Factories that survived the cash ban were forced to immediately pare back costs and growth estimates to absorb the shock. "Many businesses still have not recovered to pre-demonetisation levels," said T.R. Vijaya Kumar, the general secretary of Tiruppur Exporters' Association.
The economy at large took a hit, with growth slowing. An estimated 11 million jobs were lost in 2018 as a direct result, according to the Centre for Monitoring Indian Economy. Modi insisted the pain was necessary and would modernise the economy, raise tax revenues and improve the lives of millions living at the margins.

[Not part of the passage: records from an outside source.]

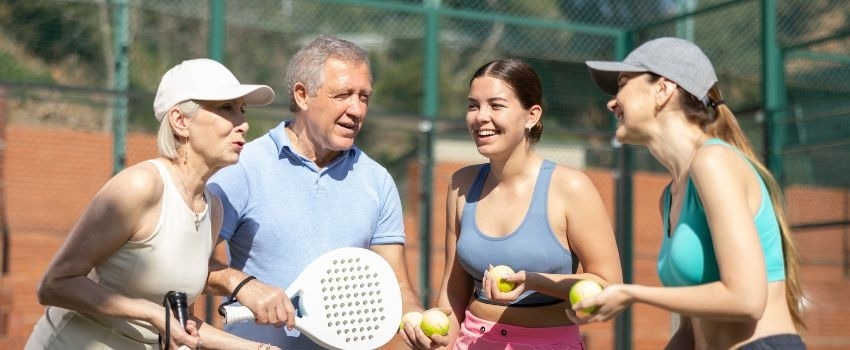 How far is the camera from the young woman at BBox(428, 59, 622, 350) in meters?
4.41

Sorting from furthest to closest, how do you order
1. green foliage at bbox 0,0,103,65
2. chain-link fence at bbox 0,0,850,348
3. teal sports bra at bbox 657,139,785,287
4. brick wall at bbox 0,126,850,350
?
brick wall at bbox 0,126,850,350
green foliage at bbox 0,0,103,65
chain-link fence at bbox 0,0,850,348
teal sports bra at bbox 657,139,785,287

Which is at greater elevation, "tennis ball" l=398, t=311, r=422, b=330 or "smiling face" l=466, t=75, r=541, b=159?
"smiling face" l=466, t=75, r=541, b=159

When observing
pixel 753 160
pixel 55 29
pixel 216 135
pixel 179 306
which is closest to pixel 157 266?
pixel 179 306

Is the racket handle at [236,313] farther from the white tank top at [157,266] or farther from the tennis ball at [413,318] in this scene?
the tennis ball at [413,318]

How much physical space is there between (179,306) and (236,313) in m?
0.35

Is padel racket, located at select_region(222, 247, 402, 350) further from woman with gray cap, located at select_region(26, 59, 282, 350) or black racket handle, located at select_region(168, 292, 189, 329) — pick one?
black racket handle, located at select_region(168, 292, 189, 329)

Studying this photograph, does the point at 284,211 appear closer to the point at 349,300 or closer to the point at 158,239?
the point at 349,300

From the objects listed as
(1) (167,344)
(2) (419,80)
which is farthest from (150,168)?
(2) (419,80)

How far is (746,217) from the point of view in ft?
10.8

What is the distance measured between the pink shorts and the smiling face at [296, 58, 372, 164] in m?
0.82

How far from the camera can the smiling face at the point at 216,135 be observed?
4121 mm

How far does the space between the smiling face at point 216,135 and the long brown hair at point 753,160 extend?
1.47 metres

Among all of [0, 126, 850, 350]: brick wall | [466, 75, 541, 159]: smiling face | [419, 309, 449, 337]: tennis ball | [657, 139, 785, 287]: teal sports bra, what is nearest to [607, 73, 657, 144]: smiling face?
[657, 139, 785, 287]: teal sports bra

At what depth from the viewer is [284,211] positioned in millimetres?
4562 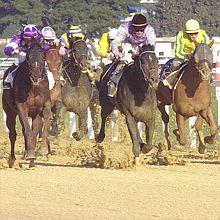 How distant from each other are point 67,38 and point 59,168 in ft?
13.2

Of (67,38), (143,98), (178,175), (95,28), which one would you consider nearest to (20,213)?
(178,175)

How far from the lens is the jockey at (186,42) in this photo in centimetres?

Demonetisation was a broadside few anticipated. Many small businesses were still shell-shocked when Modi announced his second major economic reform - the introduction of a national consumption tax. The goods and services tax (GST) was broadly welcomed as a necessary reform to unify India's more than $2 trillion economy into a single market, replacing a patchwork of central and state levies.
But the roll-out was criticised as haphazard and rushed, and for some businesses the double-tap in the wake of demonetisation was too much. "Everything changed" in the aftermath of these twin policies, said small trader Omar Sharif, in a fabric market in Tiruppur.
"I don't know about the big traders but small ones, like me, have been badly affected," he said. Dhamodharan Ramasamy, the chief executive of garment exporter Season Clothing Industries, said the tax roll out could have been handled more carefully.
"One big issue was that people hadn't even recovered from the first jolt when they received the second one," he told AFP. Congress has sought to exploit this unhappiness within trading communities in the hope of chipping away at Modi's support.
Gandhi and the opposition have attacked the prime minister's economic record day after day on the campaign trail, accusing Modi of failing to plan for India's future and create work for millions of young job seekers. Critics say the cash crisis disproportionately hit the poor, forcing many to queue for days at banks to convert their savings into legitimate tender.
"The cash ban robbed people of their most basic property rights in quest of a pipe dream," Gandhi said. Congress ruled India for much of its post-independence history but was reduced to a rump in the last election by Modi's Bharatiya Janata Party.
Gandhi is hoping to avoid a repeat of 2014, and analysts say ground could be made up by painting Modi as a reckless economic steward. "Citizens may not entire understand the new tax regime but they'll remember the cash ban, which directly affected their daily lives," Sunil Sinha, principal economist and director with a unit of Fitch Ratings, told AFP.
But Parsa Venkateshwar Rao, a veteran journalist and political commentator, said that while demonetisation had been "voodoo economics", the economy has since recovered and voters have moved on. "It is a faded memory now," he told AFP. "Demonetisation is not the main issue in this election."